Make sure you have these warming whisky cocktails in your repertoire this winter
With the days getting chillier and the nights getting longer, nothing beats a wee dram of whisky to warm the heart and fire the soul. Geoff Heath-Taylor looks some great ways to enjoy the golden nectar this autumn.
As the nights draw in and the trees look resplendent in their autumn robes, our minds turn to indoor entertaining to get us through the winter months. The barbecues have been put away and the Pimms has retreated to the back of the drinks cabinet: this is the season for whisky. Only a generation ago there was only one way for a gentleman to drink whisky – neat. But how times have changed. The case for whisky cocktails has steadily built up a following, proving that mixing whisky with other drinks is here to stay.

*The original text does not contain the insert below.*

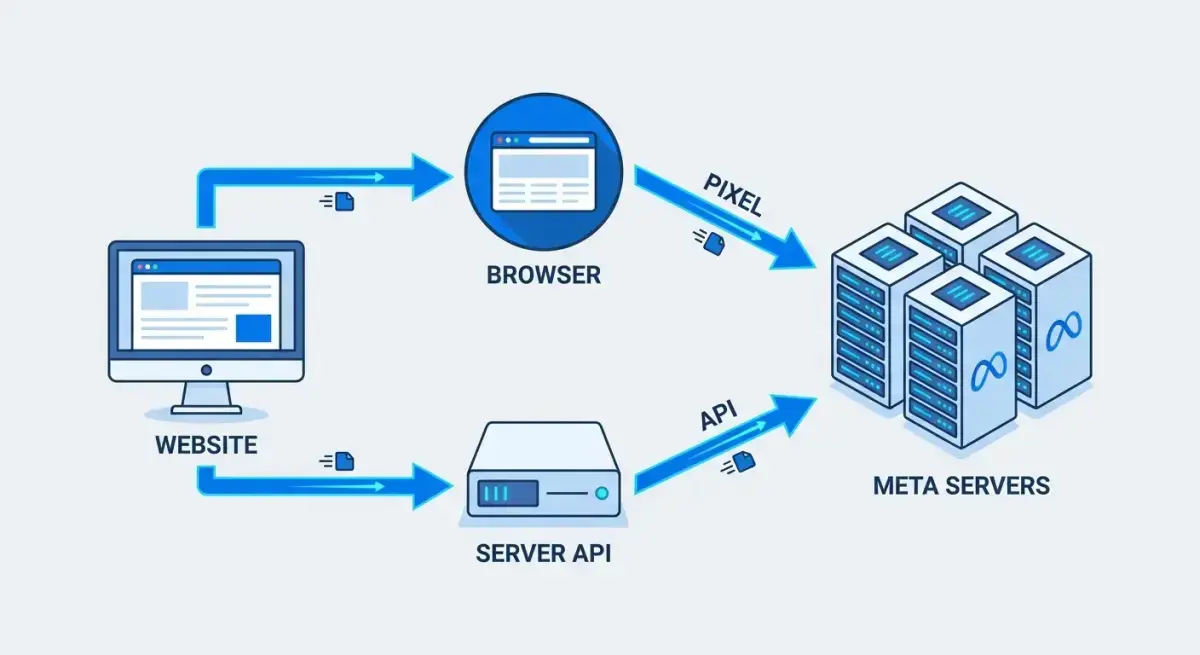 Схема потока данных от сайта к серверам Facebook через браузерный пиксель и серверный API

However before you get the shaker out you must be sure of what you’re doing. It is vital that you get the combinations right – a beautiful scotch can be easily ruined if mixed with the wrong ingredients, but with the right ones its flavours can be magnificently enhanced.
The Old Fashioned
Supposedly the original ‘cocktail’, the Old Fashioned was first mixed in the 19th century as a remedy to a culture that seemed to be over-complicating the creation of new beverages. Although traditionally made using bourbon as its base, single malt scotch can be used in its place. However we think it appropriate for American whisky to be used in the creation of this classic American cocktail. Don Draper wouldn’t have it any other way.

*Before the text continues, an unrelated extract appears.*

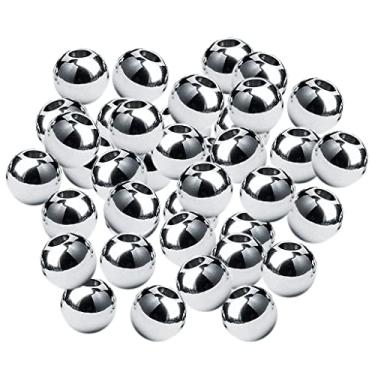 Imagem de 50 peças de contas espaçadoras de furo grande de aço inoxidável prata para fazer joias DIY, contas redondas de 8 mm, ótimas para colares, pulseiras e brincos - - 3 mm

50ml whisky (For an authentic American cocktail try the new Jack Daniel’s Gold No.27)
10ml Maple Syrup
1 dash of Angostura Bitters
2 dashes of Orange Bitters
Stir all ingredients in a shaker and strain over ice cubes into a rocks glass. Garnish with orange zest and a maraschino cherry
The Whisky Sour
Another famously simple cocktail, this is a twist on Admiral Edward Vernon’s original ‘grog’ that helped keep the scurvy at bay on naval voyages. Vernon discovered that if you watered down a spirit, usually rum, and added sugar and lemon juice, the sailors who drank the mix were healthier than those who did not. Of course, we know that this was courtesy of the Vitamin C contained in citrus juice but the point remains – drinking cocktails can be good for you!
The Whisky Sour that you will drink today is a great improvement on Vernon’s 18th Century concoction, but it remains wonderfully easy to make. Using a slightly sweeter whisky will complement the zesty citrus, and although the egg white is an optional extra we heartily encourage it as the frothy finish greatly improves the texture.
60ml whisky (Bourbon was originally the whisky of choice for this cocktail, but we recommend a Scotch such as Johnny Walker’s Blue Label if you want to be a bit different)
30ml lemon juice
15ml sugar syrup
A dash of egg white (optional)
Add a handful of ice to a shaker and pour in the rest of the ingredients. Shake well and strain into a tumbler filled with ice. If you don’t use the egg white you can serve in a cocktail glass. Garnish with a slice of lemon.
This new cocktail was newly created to celebrate the launch of Jack Daniel’s latest whisky, Gold No.27. The whisky earns its name from the double barreling and double mellowing of the original No.7, creating a richer and warmer taste. The cocktail, offers a luxurious and full-bodied flavour that is perfect when drunk from a wine goblet by the fire.
40ml whisky (Jack Daniel’s Gold No.27)
10ml Amontillado Sherry
10ml Orange Curacao
1 barspoon of Castor Sugar
Stir all ingredients in a shaker and strain over a crushed ice into a wine goblet. Garnish with orange and lemon wedges and a sprig of mint.
No list of winter warmers is complete without a mention of this cocktail. It’s the drink that everyone’s too embarrassed to order but secretly loves. First created in the winter of 1943 by Joe Sheridan, a chef in Limerick, for cold, weary passengers of a transatlantic flying boat, the cocktail got its name when the passengers asked Sheridan if they were drinking Brazilian coffee and he responded that it was ‘Irish Coffee’.
150-200ml hot black coffee
2 teaspoons brown sugar
50ml Irish whisky
Double cream, slightly whipped
Heat a tall glass with boiling water and pour away the water. Add the sugar and coffee and stir until dissolved. Add the whisky to the coffee and continue stirring. Using a jug pour the slightly whipped cream over the back of a teaspoon until level with the rim of the glass.
The Rusty Nail
Perhaps the easiest cocktail to make, the Rusty Nail owes its popularity to the 21 Club in Manhattan. Although extant since the 1930s, the bartenders at the 21 Club raised the profile of this cocktail and by 1963 the chairwoman of Drambuie had given it her seal of approval. Made by splashing Scotch whisky and Drambuie together over ice, the Rusty Nail must be sipped slowly to be savoured.
45ml Scotch whisky
Pour the whisky and the Drambuie directly on to ice cubes in an old-fashioned glass. Stir and garnish with a lemon twist.